▶ What to work on
All pictures are to be omitted while the lines starting at the line with "QR Code for" and ending at the line with "Hotel Riccione Italy" in the material below are retyped exactly, both ends included.

▶ Data excerpts
■ ■ ■
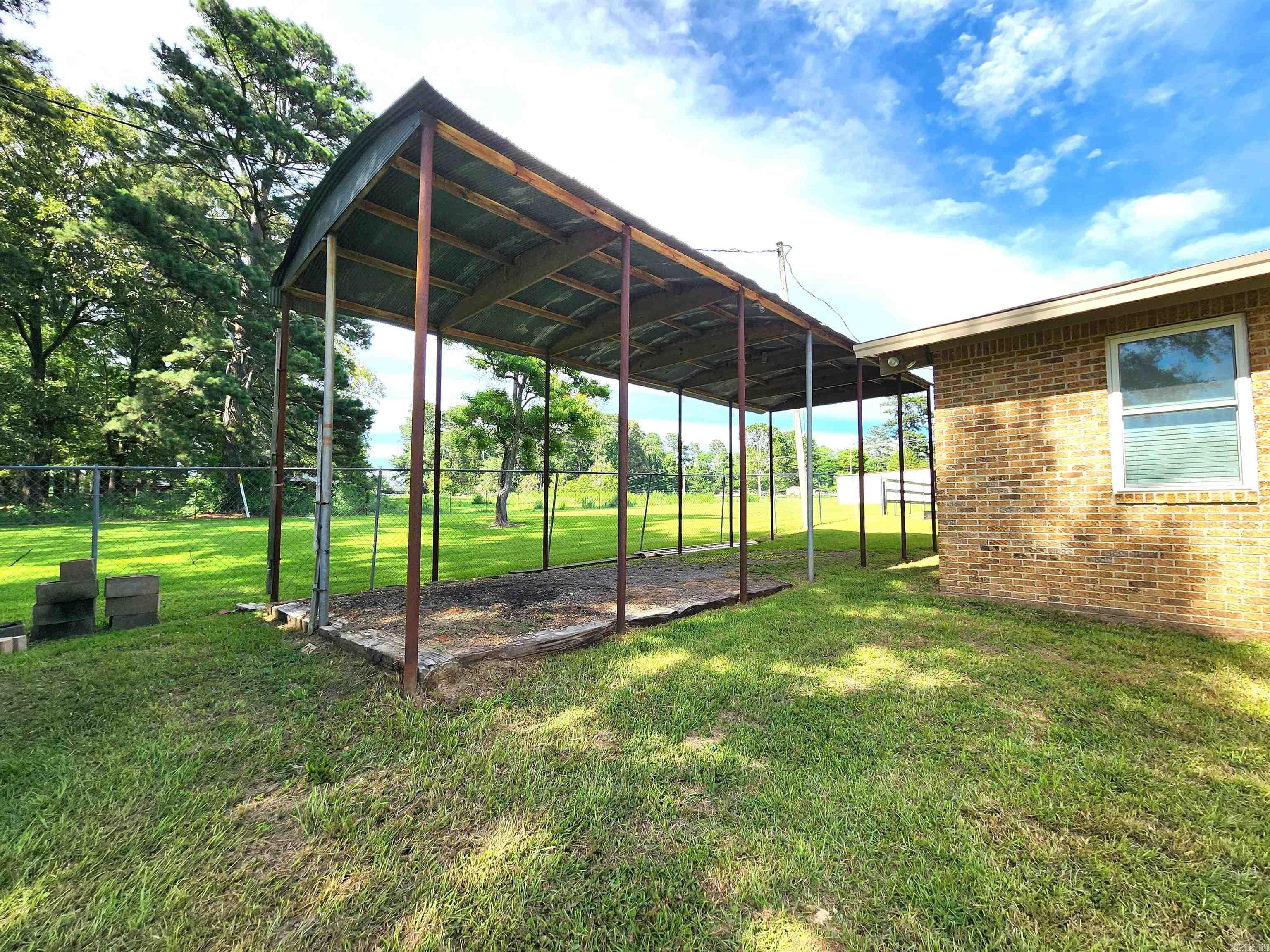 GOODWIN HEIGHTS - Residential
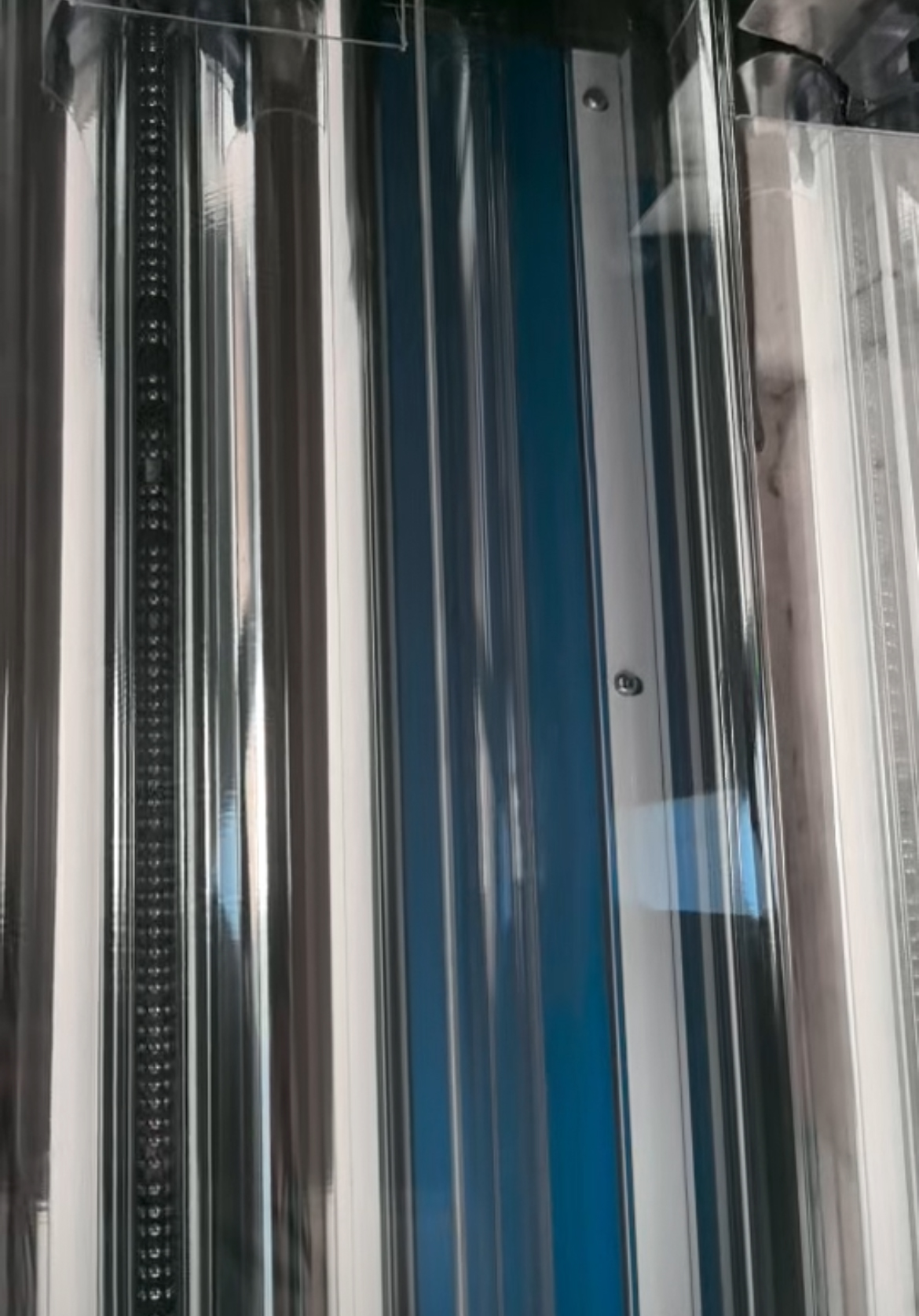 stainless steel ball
■ ■ ■
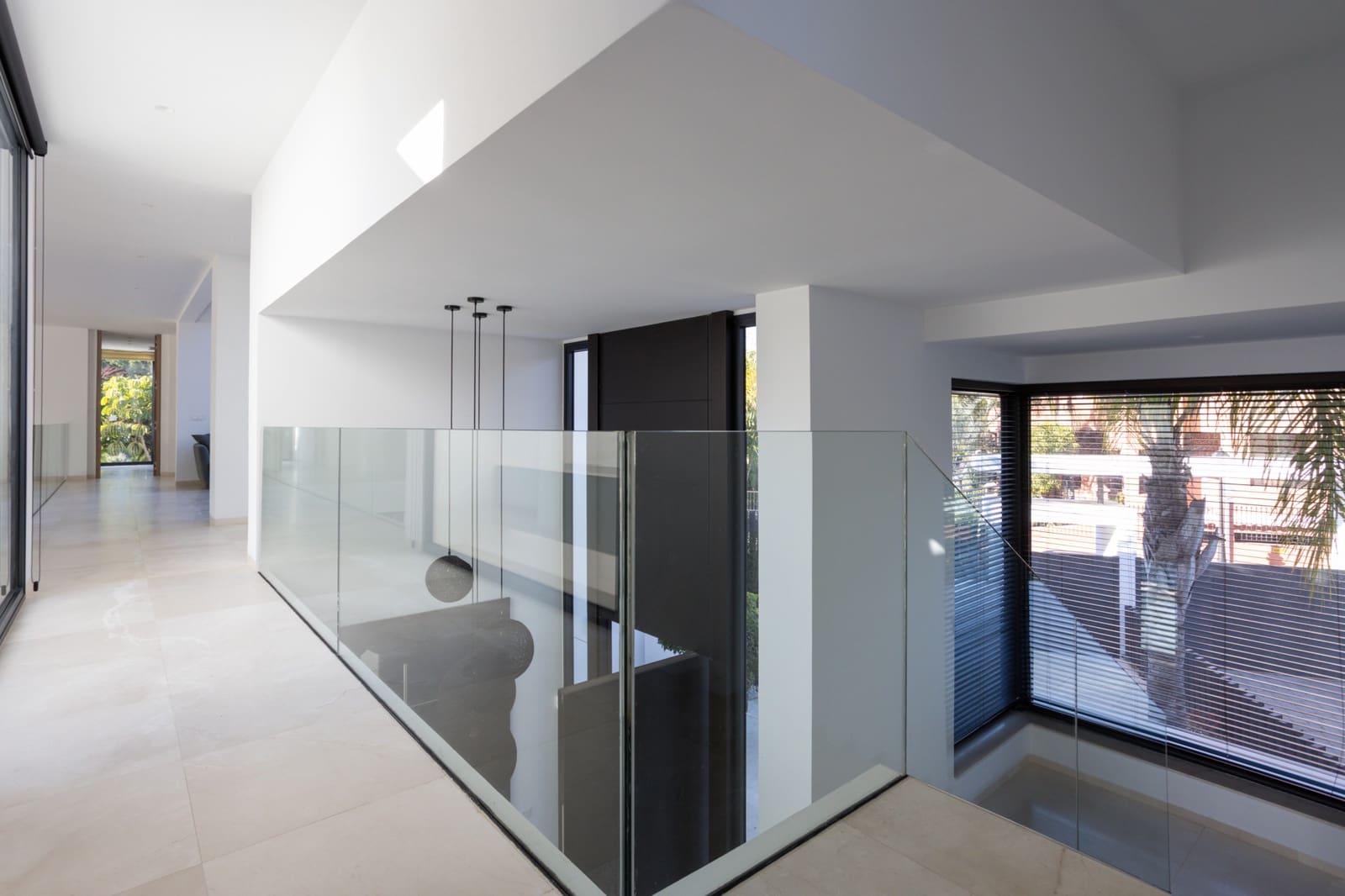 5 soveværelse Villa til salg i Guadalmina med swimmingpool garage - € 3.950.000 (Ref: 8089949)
■ ■ ■
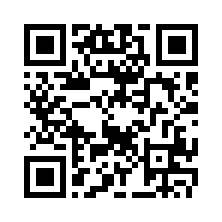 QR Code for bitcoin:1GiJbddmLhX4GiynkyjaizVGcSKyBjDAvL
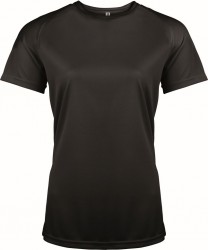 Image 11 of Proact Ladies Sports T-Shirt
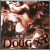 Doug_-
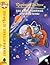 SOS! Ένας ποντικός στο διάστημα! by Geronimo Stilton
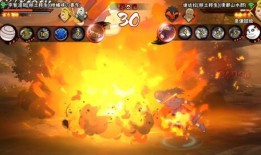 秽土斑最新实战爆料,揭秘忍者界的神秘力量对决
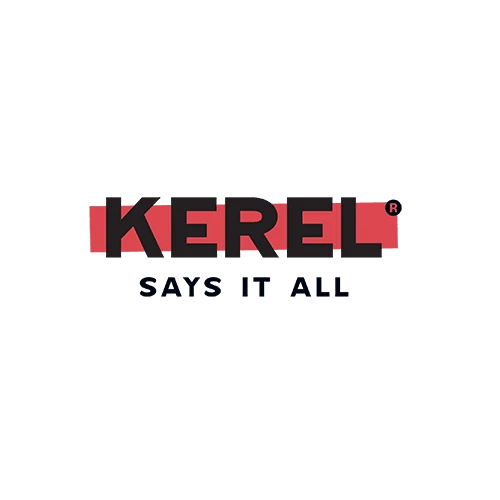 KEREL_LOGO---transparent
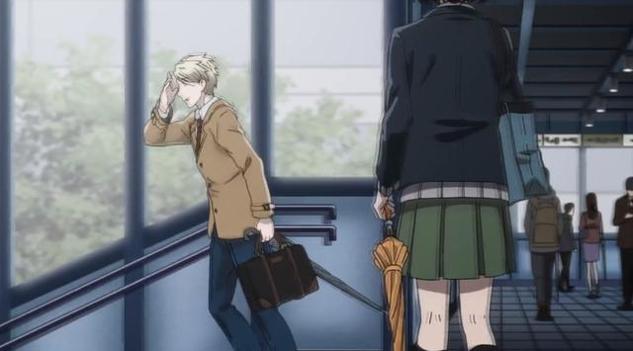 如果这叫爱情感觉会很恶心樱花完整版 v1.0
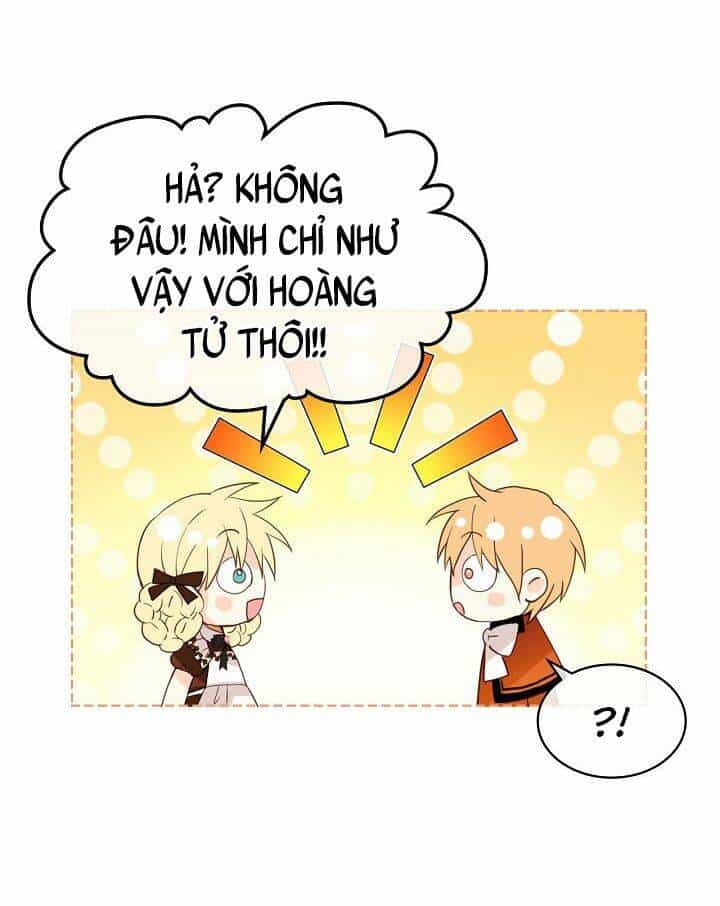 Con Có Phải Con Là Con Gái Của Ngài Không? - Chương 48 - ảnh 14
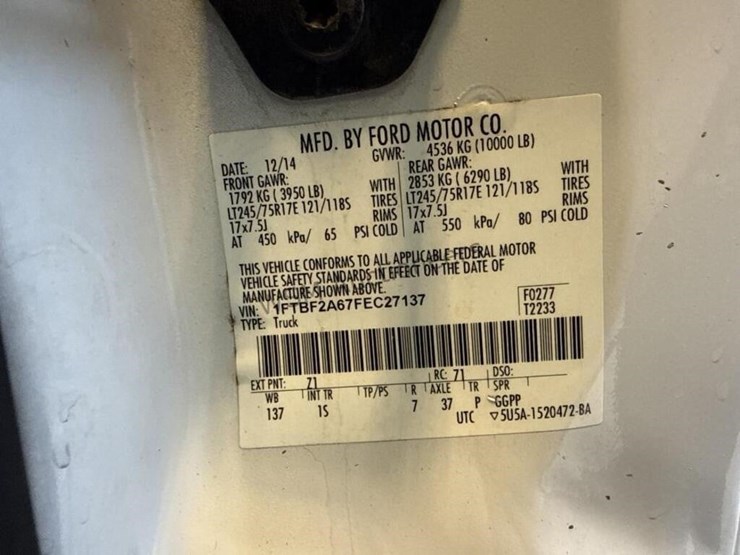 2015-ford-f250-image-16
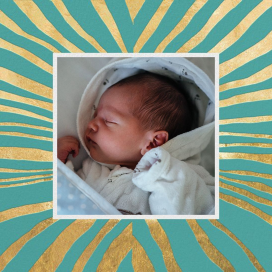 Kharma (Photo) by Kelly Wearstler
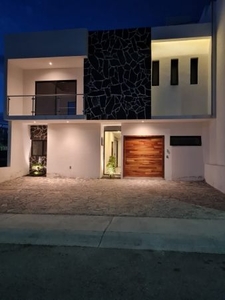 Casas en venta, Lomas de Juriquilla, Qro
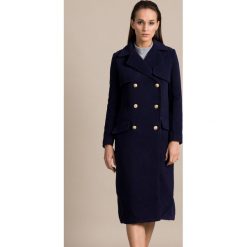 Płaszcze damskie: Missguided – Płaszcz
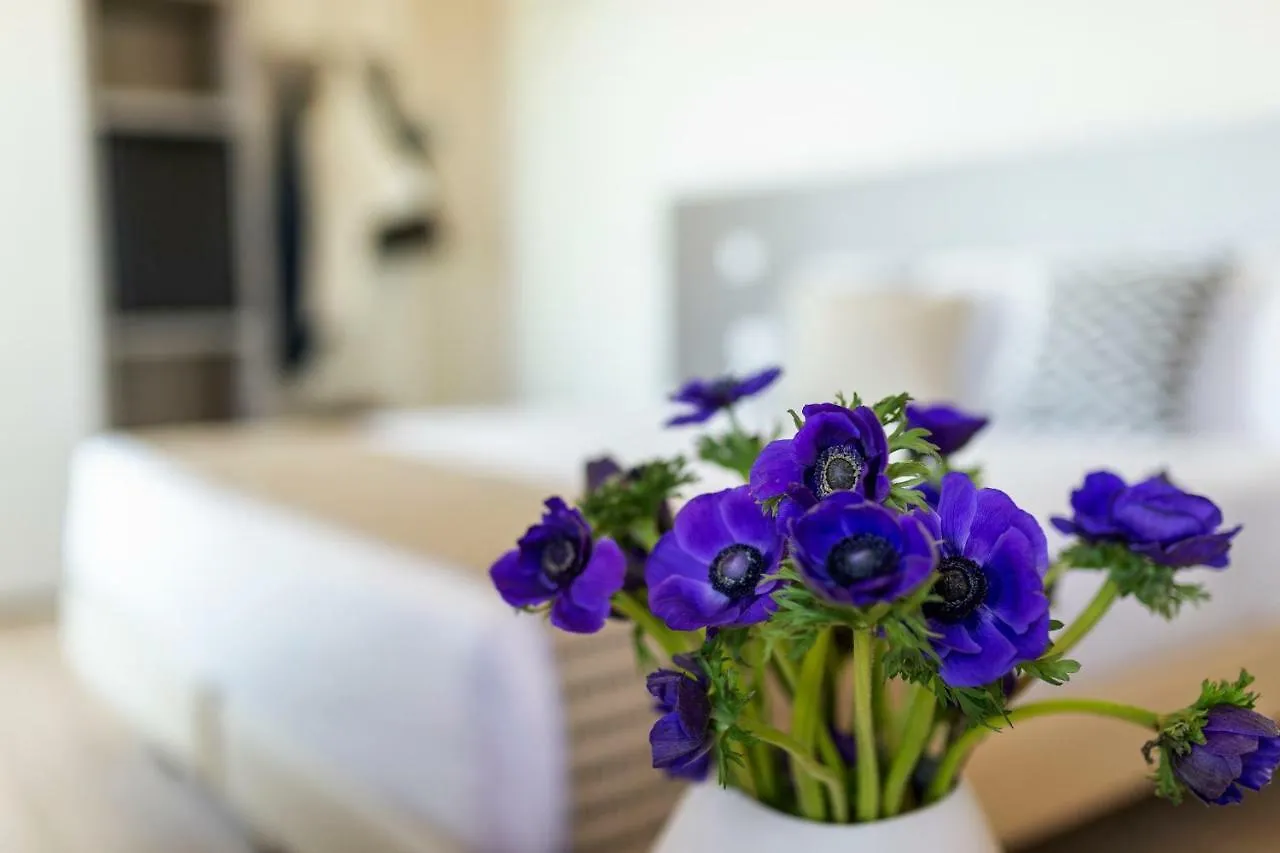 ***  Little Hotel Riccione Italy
■ ■ ■
▶ Response to this task
 QR Code for bitcoin:1GiJbddmLhX4GiynkyjaizVGcSKyBjDAvL
 Image 11 of Proact Ladies Sports T-Shirt
 Doug_-
 SOS! Ένας ποντικός στο διάστημα! by Geronimo Stilton
 秽土斑最新实战爆料,揭秘忍者界的神秘力量对决
 KEREL_LOGO---transparent
 如果这叫爱情感觉会很恶心樱花完整版 v1.0
 Con Có Phải Con Là Con Gái Của Ngài Không? - Chương 48 - ảnh 14
 2015-ford-f250-image-16
 Kharma (Photo) by Kelly Wearstler
 Casas en venta, Lomas de Juriquilla, Qro
 Płaszcze damskie: Missguided – Płaszcz
 ***  Little Hotel Riccione Italy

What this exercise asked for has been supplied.